■ **Crawled caption data**

* * *

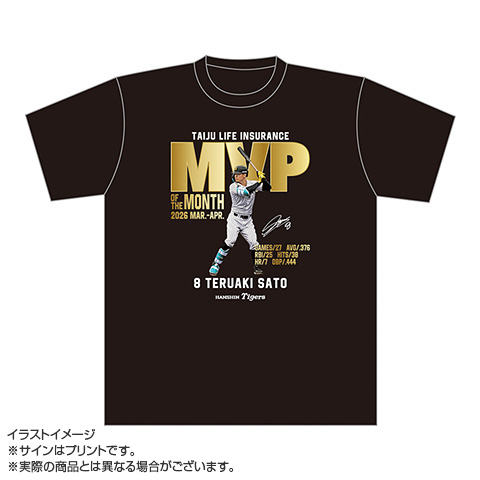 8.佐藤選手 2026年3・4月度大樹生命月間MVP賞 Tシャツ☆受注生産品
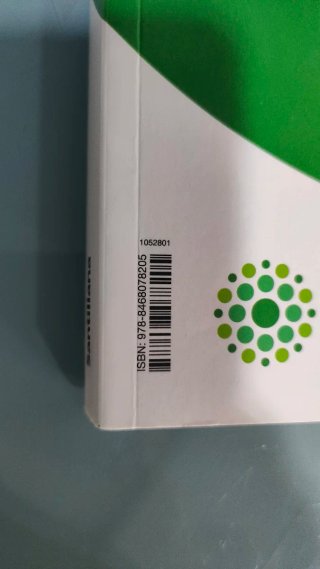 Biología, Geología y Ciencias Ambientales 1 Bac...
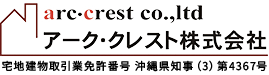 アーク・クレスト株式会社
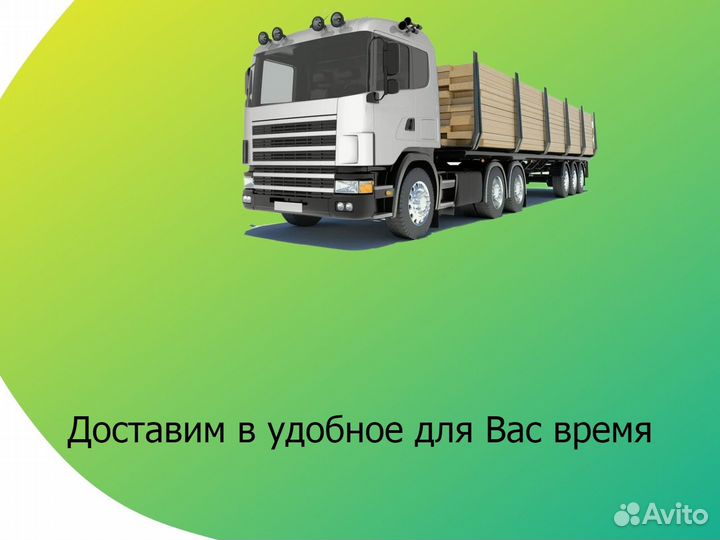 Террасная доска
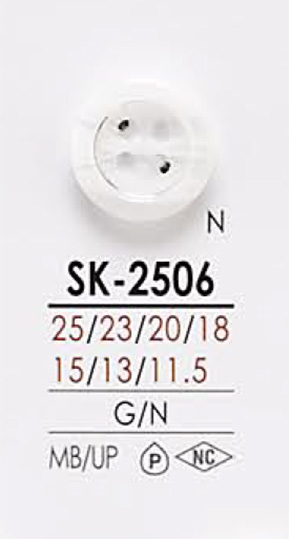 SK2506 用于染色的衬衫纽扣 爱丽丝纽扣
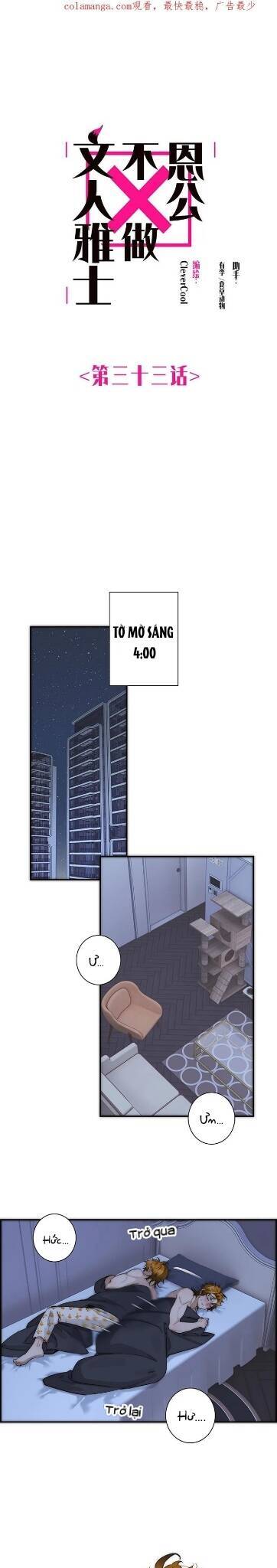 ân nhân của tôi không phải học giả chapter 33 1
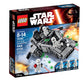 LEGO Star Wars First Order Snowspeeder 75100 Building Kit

* * *

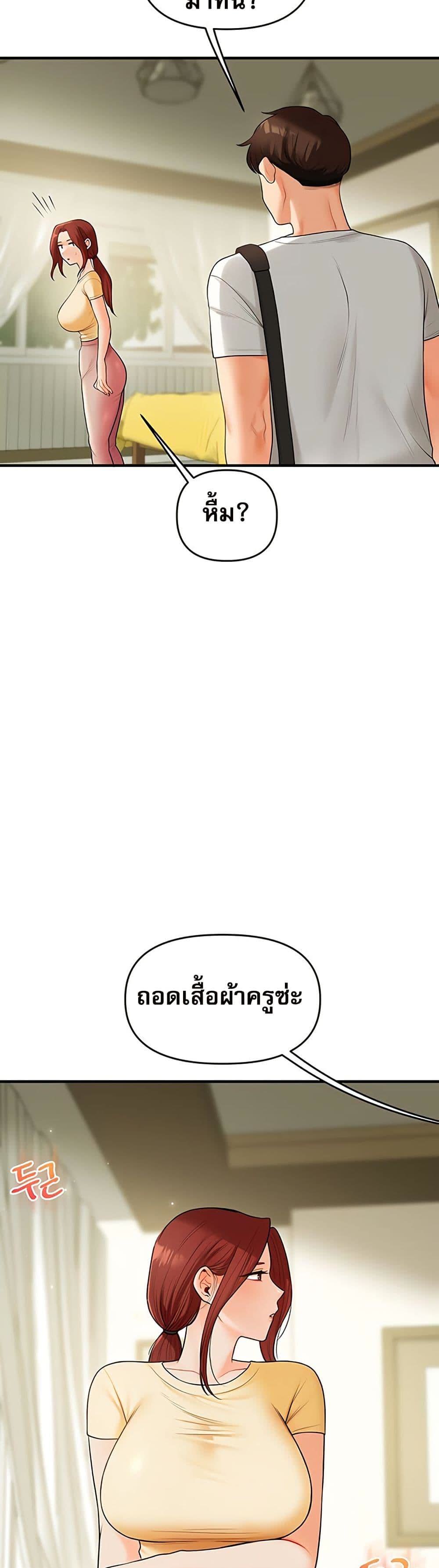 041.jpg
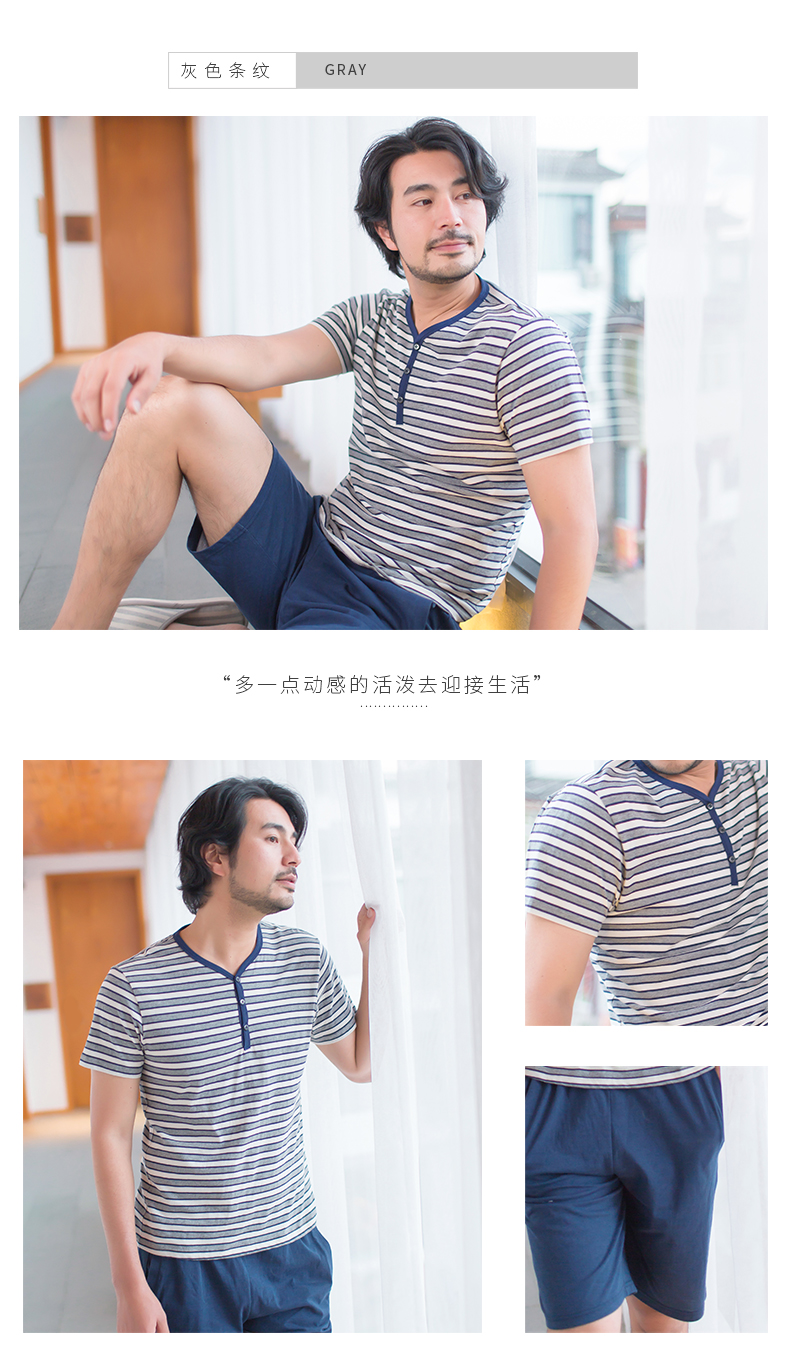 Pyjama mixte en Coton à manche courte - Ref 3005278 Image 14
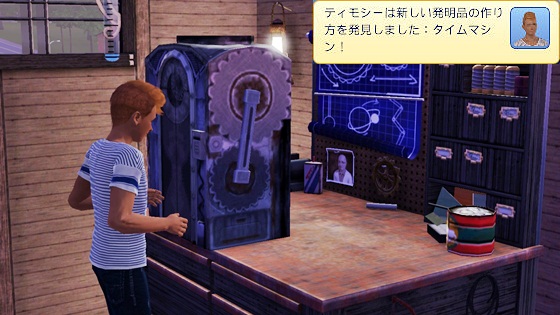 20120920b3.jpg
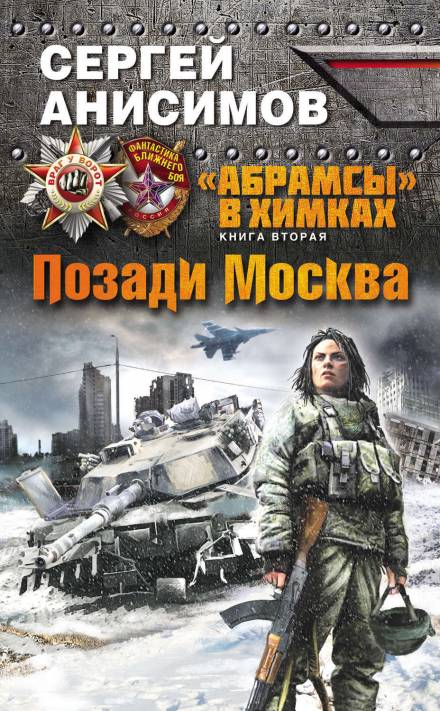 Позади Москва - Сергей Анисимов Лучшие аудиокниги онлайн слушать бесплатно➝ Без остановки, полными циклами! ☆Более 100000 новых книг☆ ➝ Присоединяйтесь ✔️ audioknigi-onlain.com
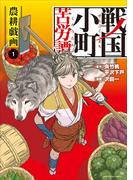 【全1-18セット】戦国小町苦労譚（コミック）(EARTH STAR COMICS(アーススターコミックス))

* * *

■ **Exercise objective**
What is needed is an exact copy of the lines above from the one with "8.佐藤選手 2026年3・4月度大樹生命月間MVP賞 Tシャツ☆受注生産品" to the one with "LEGO Star Wars", both ends kept, and nothing more; please leave the pictures out.

■ **The answer**
 8.佐藤選手 2026年3・4月度大樹生命月間MVP賞 Tシャツ☆受注生産品
 Biología, Geología y Ciencias Ambientales 1 Bac...
 アーク・クレスト株式会社
 Террасная доска
 SK2506 用于染色的衬衫纽扣 爱丽丝纽扣
 ân nhân của tôi không phải học giả chapter 33 1
 LEGO Star Wars First Order Snowspeeder 75100 Building Kit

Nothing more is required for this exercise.